# Fs: 1959 SCHWINN JAGUAR MARK IV MENS RED TANK BICYCLE CORVETTE TYPHOON VINTAGE+RACK



## tomsjack (Apr 29, 2018)

*1959 SCHWINN JAGUAR MARK IV MENS RED TANK BICYCLE CORVETTE TYPHOON VINTAGE+RACK On Ebay*

*https://www.ebay.com/itm/1959-SCHWINN-JAGUAR-MARK-IV-MENS-RED-TANK-BICYCLE-CORVETTE-TYPHOON-VINTAGE

*


----------



## Saving Tempest (Apr 29, 2018)

You cut off the part with the item number so it goes to the eBay home page.

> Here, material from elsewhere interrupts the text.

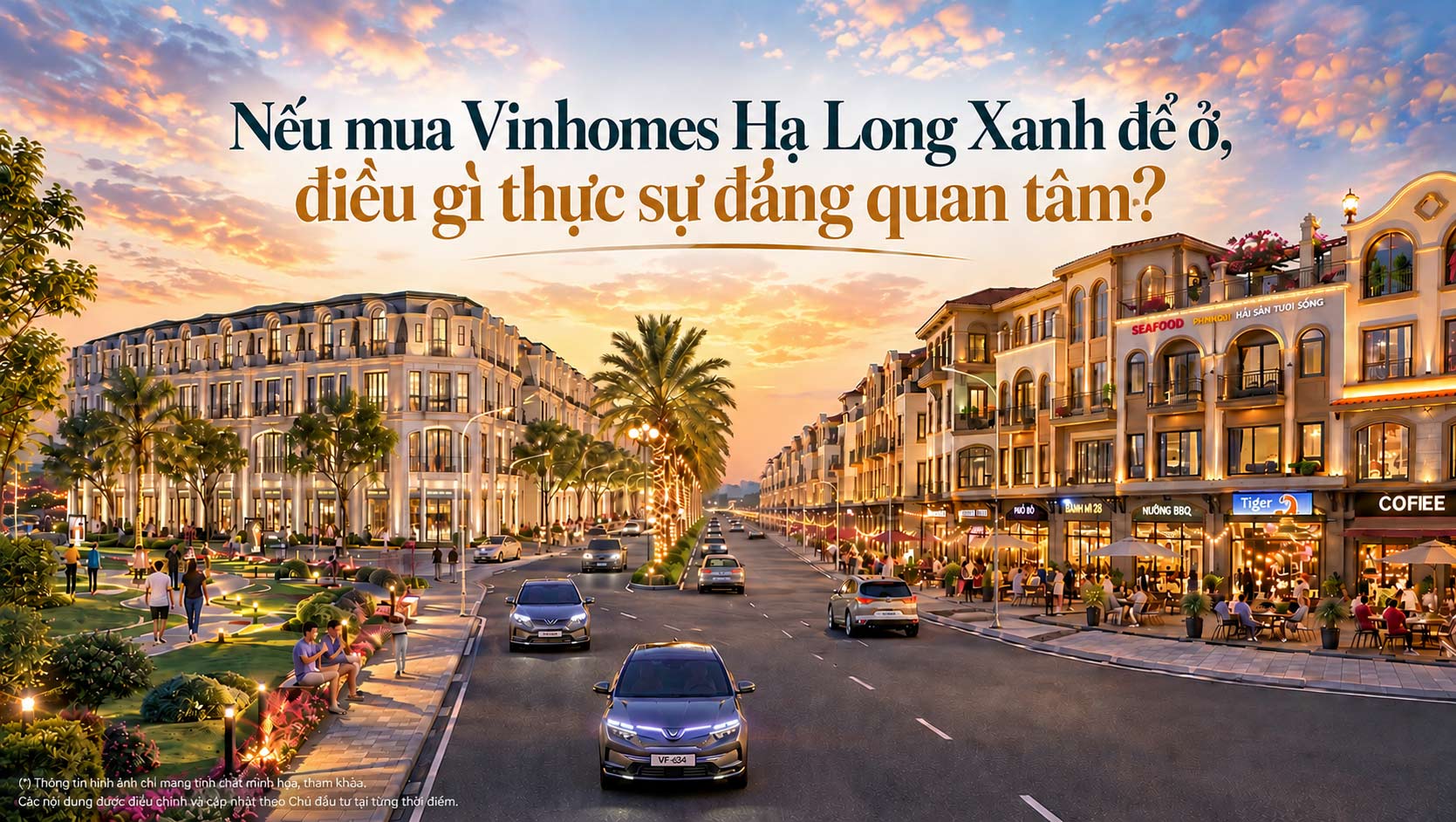 Nếu mua Vinhomes Hạ Long Xanh để ở, điều gì thực sự đáng quan tâm?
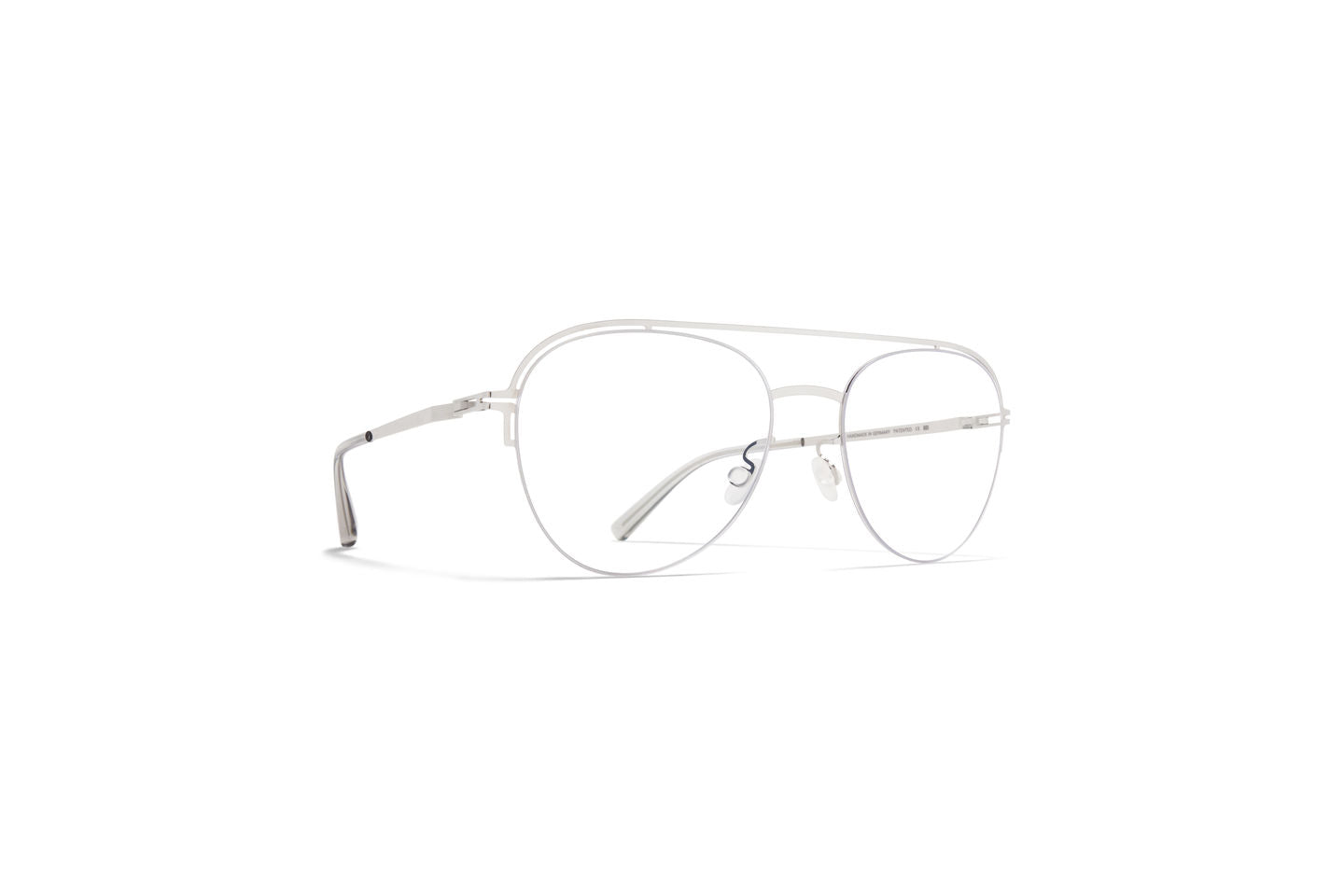 Occhiali da vista MYKITA MISAKO SHINY SILVER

When you kill all the gobbledegook from the URL remember it's everything BEFORE the *? *that matters

_Is this it from shadow27?
_
http://rover.ebay.com/rover/1/711-5...0001&campid=5335809022&icep_item=401504293425


----------



## Saving Tempest (Apr 30, 2018)

GONE!


----------



## GTs58 (May 1, 2018)

Hmmm, wonder if the buyer knows that the brake levers, pedals, rear carrier and front rack are wrong plus the $50 rear reflector is missing. Guess one has to start somewhere.


----------



## phantom (May 1, 2018)

GTs58 said:


> Hmmm, wonder if the buyer knows that the brake levers, pedals, rear carrier and front rack are wrong plus the $50 rear reflector is missing. Guess one has to start somewhere.



Nice looking desirable model from a distance, but as you indicated, it is a starter project with some obvious wrong parts. I would love to know if the buyer knows the flaws or is someone that tries to resell as all original. That often happens.


----------